Bazen sokakta yürürken, kalabalığın içinde yüzlere bakıyorum. Kimisinin gözünde kırgınlık, kimisinin yüzünde yorgunluk, kimisinin de dilinde şikâyet… Ne garip bir hâle geldik. Kimimiz elindeki şansın farkında değil, kimimizse sınandığının. Sahip olduklarımızı görmezden gelip hep daha fazlasının peşine düşüyoruz. Mutluluğu hep bir adım ötede sanıyoruz.

Bir şeyler hep eksik gibi… Ama neyin eksik olduğunu da bilmiyoruz. Çünkü doyumsuzluğun içine düştük. Yetinmeyi unuttuk. Şükretmek, razı olmak, kabullenmek... Bunlar bize artık zayıflık gibi geliyor.

Kendimize yetemediğimiz gibi, başkalarına da huzur vermiyoruz. Hayatın içinde ne kadar öfke biriktirdiğimizin farkında bile değiliz. Sadece kendimize değil, sevdiklerimize de hayatı zorlaştırıyoruz. Oysa her birimizin sırtında görünmeyen yükler var. Belki bir sınav, belki bir kayıp, belki bir hayal kırıklığı...

Peki neden bu kadar çok başkalarının ne düşündüğüne takılıyoruz? Neden hayatlarımızı, başkalarını memnun etmek uğruna yaşıyoruz? Kendi mutluluğumuzdan vazgeçip, onaylanmak uğruna ruhumuzu yıpratıyoruz. Oysa yaşam bu kadar karmaşık olmak zorunda değil.

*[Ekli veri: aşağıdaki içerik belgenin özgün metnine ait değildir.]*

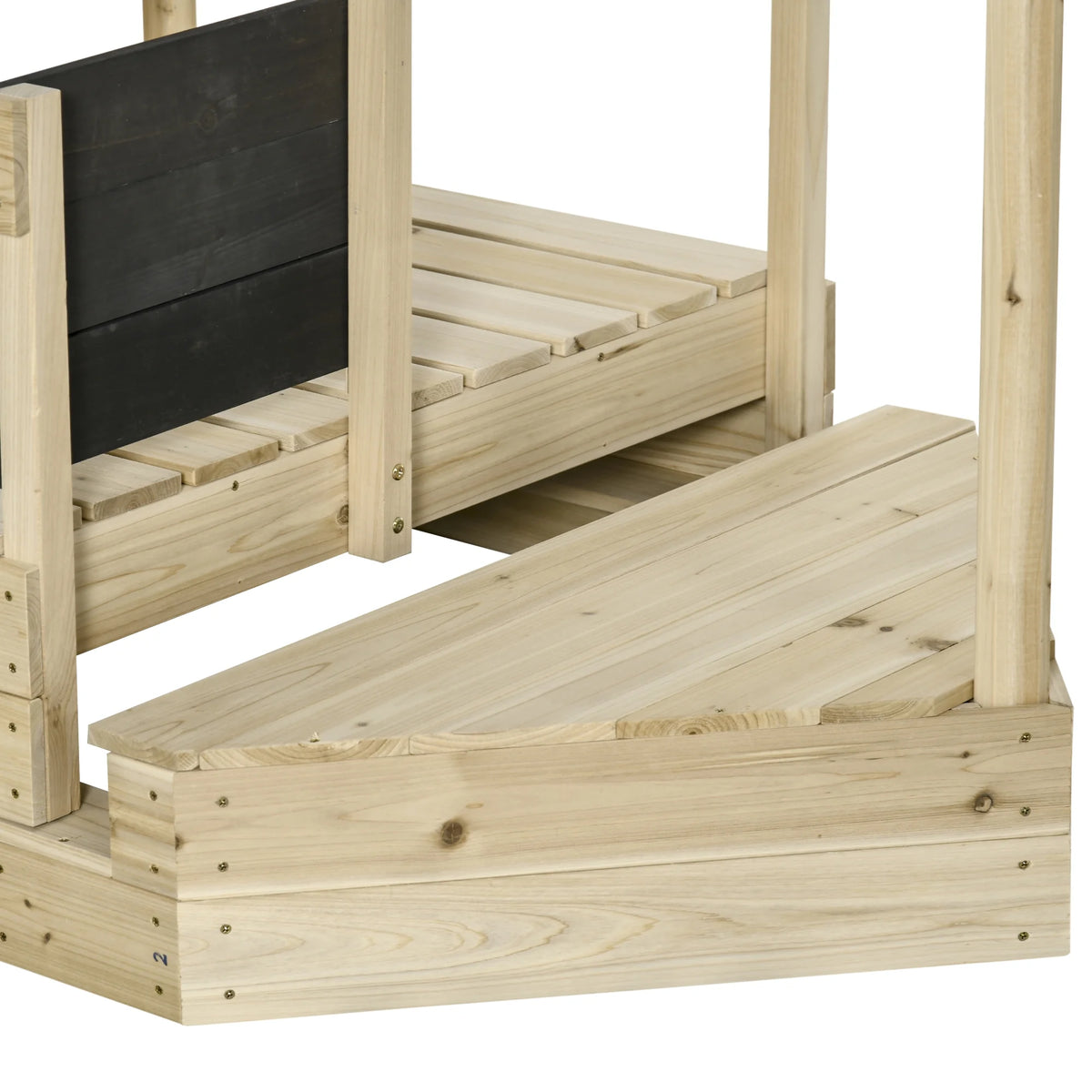 Natural Wood Kids Sandbox with Canopy Shade A379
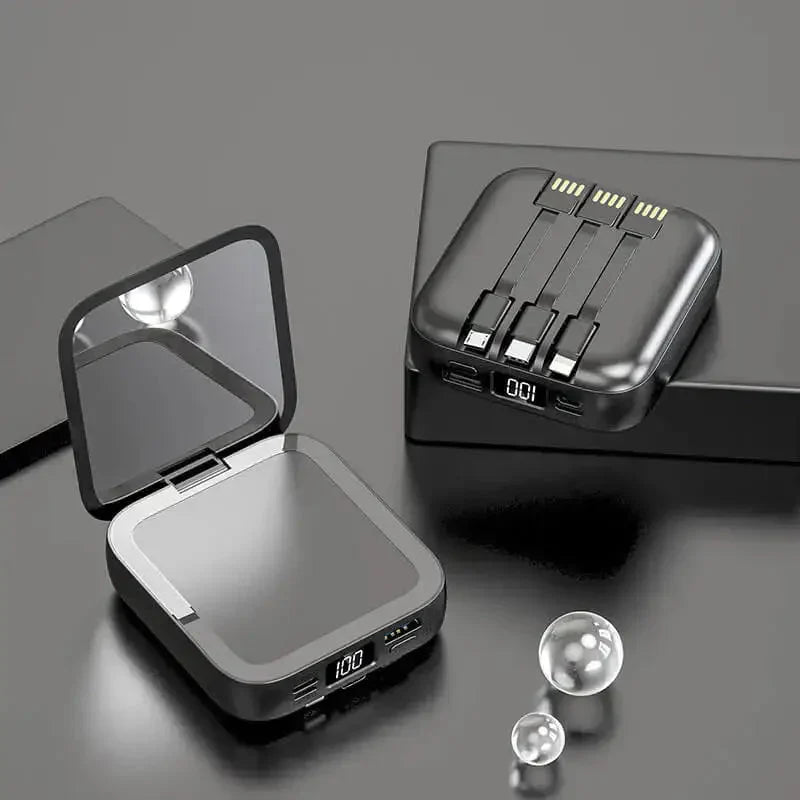 LuxeCharge Mirror Power Bank | Power bank elegante ad alta capacità con display LED e ricarica rapida USB-C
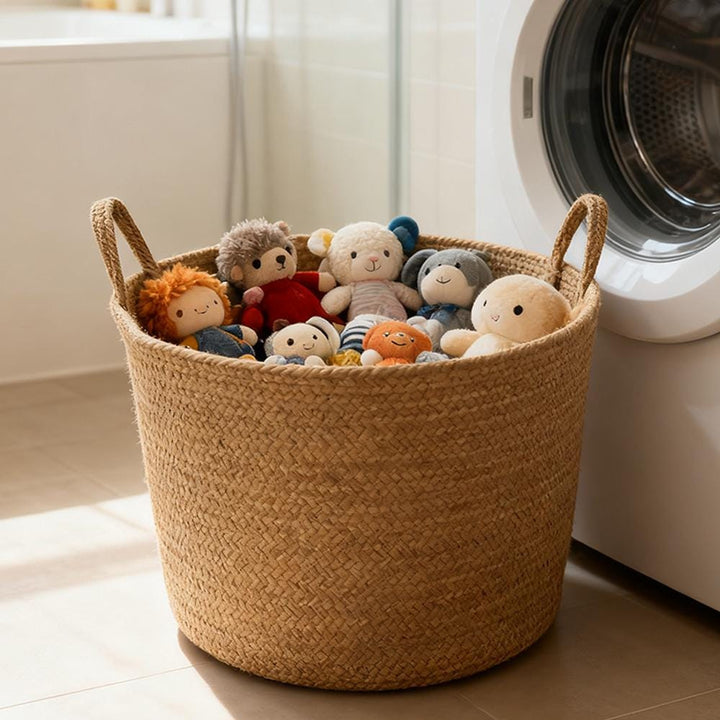 Buy farmhouse furniture Mediterranean Farmhouse Woven Natural Jute Laundry Basket with Handle - Custom Made - Modern Cottage Farmhouse Furniture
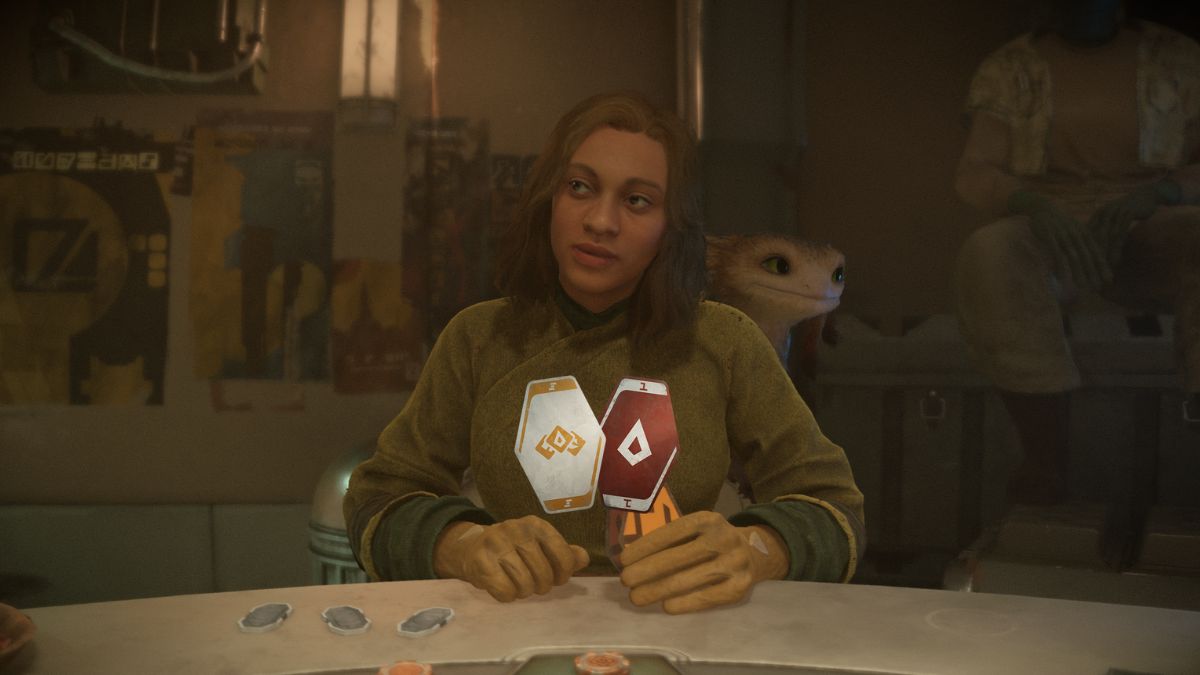 Cheat at Sabacc in Star Wars Outlaws - Nix peaking over a player's shoulder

En büyük zenginlik, sade bir hayat sürüp huzurlu olmaktır. Kimsenin işine karışmadan, yargılamadan, kıyaslamadan yaşamak. Kendi iç sesini dinlemek. Hayatı sadece sahip olduklarınla değil, hissettiklerinle anlamlandırmak…

Hayat kısa. Ne kırılmaya, ne kırmaya, ne de her şeyi didiklemeye değecek kadar uzun değil. Gelin, biraz duralım. Bırakalım başkalarını memnun etmeyi. Biraz içimize dönelim. Kendimizi affedelim. Başkalarını da… Ve her şeyden önce, yetinmeyi hatırlayalım.

Çünkü bazen en büyük huzur, daha fazlasını aramaktan değil, olanla mutlu olabilmektendir.